Python head hisses at looming Euro cybersecurity rules
Red-tape vague enough to land open source volunteers in hot water for iffy code
The Python Software Foundation (PSF) is concerned that proposed EU cybersecurity laws will leave open source organizations and individuals unfairly liable for distributing incorrect code.
"If the proposed law is enforced as currently written, the authors of open-source components might bear legal and financial responsibility for the way their components are applied in someone else's commercial product," the PSF said in a statement shared on Tuesday by executive director Deb Nicholson.
"The existing language makes no differentiation between independent authors who have never been paid for the supply of software and corporate tech behemoths selling products in exchange for payments from end-users."
The existing language makes no differentiation between independent authors who have never been paid for the supply of software and corporate tech behemoths selling products
European lawmakers last year introduced two pieces of legislation to address software security and liability. And since then, the technical community has been voicing opposition to the broadly drafted rules.
The Cyber Resilience Act aims to promote the security of digital products by requiring product makers to review product security, implement vulnerability mitigation procedures, and disclose security information to customers. The public comment period closed in November and the public consultation period for the law concludes on May 25.
The maximum fines under the law can reach €15 million or up to 2.5 percent of annual turnover, whichever is greater. The CRA has yet to be adopted by the European Parliament and Council.
The Product Liability Act updates Europe product liability rules by including, among other things, digital product changes arising from software updates.
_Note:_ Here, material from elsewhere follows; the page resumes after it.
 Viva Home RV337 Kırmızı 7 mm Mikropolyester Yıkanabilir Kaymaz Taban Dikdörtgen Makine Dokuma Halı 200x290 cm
It allows consumers to seek damages if they are harmed by products made unsafe through software revisions.
The PSF and other organizations including the Eclipse Foundation and NLnet Labs, to name a few, are urging EU lawmakers to clarify the broad language in the proposed legislation so open source organizations and developers aren't held accountable for flaws in commercial products that incorporate their code.
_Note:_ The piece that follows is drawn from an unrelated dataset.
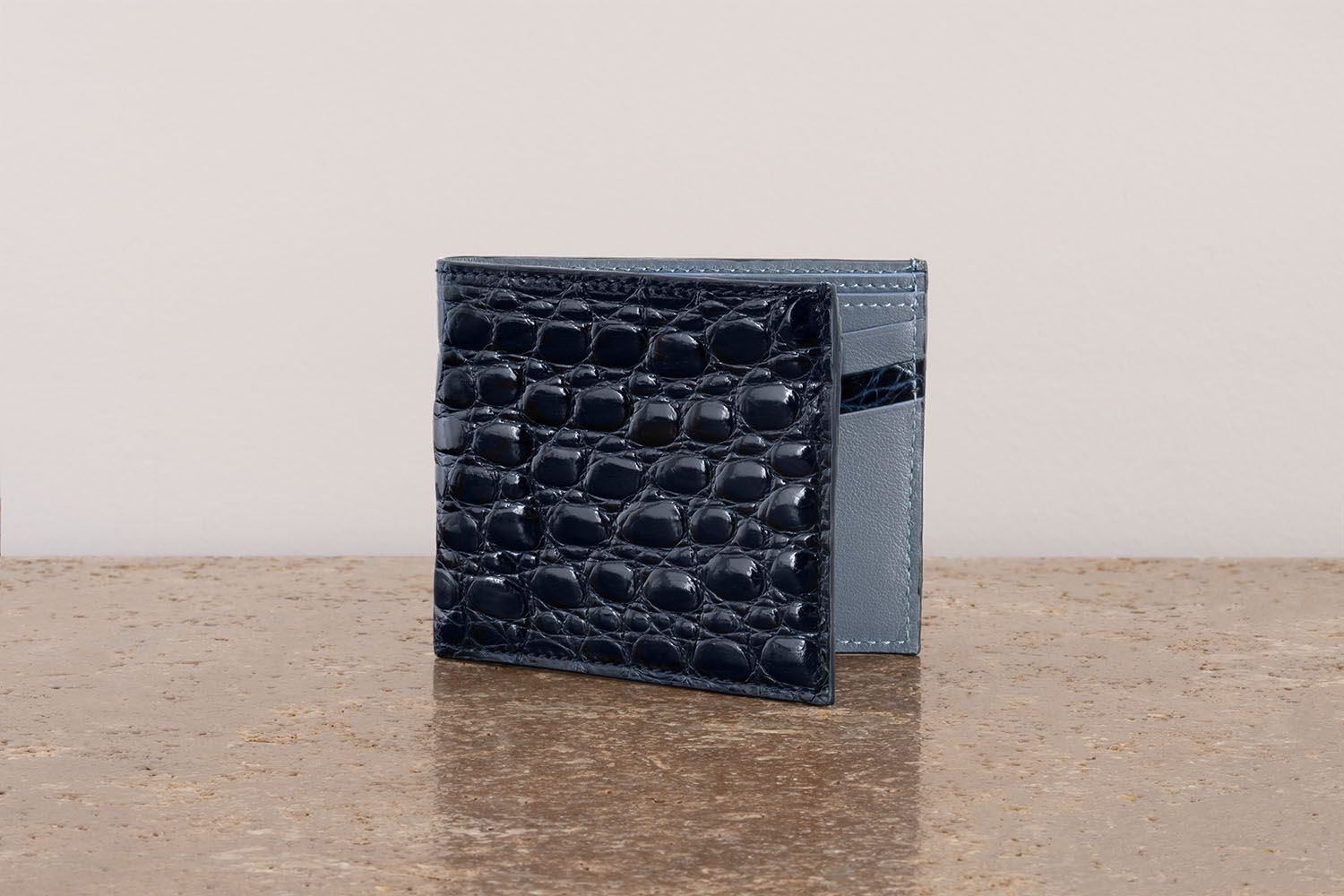 ASTRUA Creazioni Portafoglio Orizzontale Coccodrillo Lucido Notte Int. Denim Dett. Coccodrillo  PO1ALL83-P182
"Under the current language, the PSF could potentially be financially liable for any product that includes Python code, while never having received any monetary gain from any of these products," the PSF said, adding such risk would make it impossible for the foundation to continue to provide Python and PyPI (the Python Package Index) in Europe.
The non-profit org, which oversees and champions the Python programming language globally, argues that holding open source developers liable for code contributions would discourage contributors to open source projects. It cites two particular passages as excessively broad.
The first is Article 16, which says "A natural or legal person, other than the manufacturer, the importer or the distributor, that carries out a substantial modification of the product with digital elements shall be considered a manufacturer for the purposes of this Regulation."
That definition could be interpreted to mean that anyone who made a substantive change to an open source project would be liable for the consequences of that change.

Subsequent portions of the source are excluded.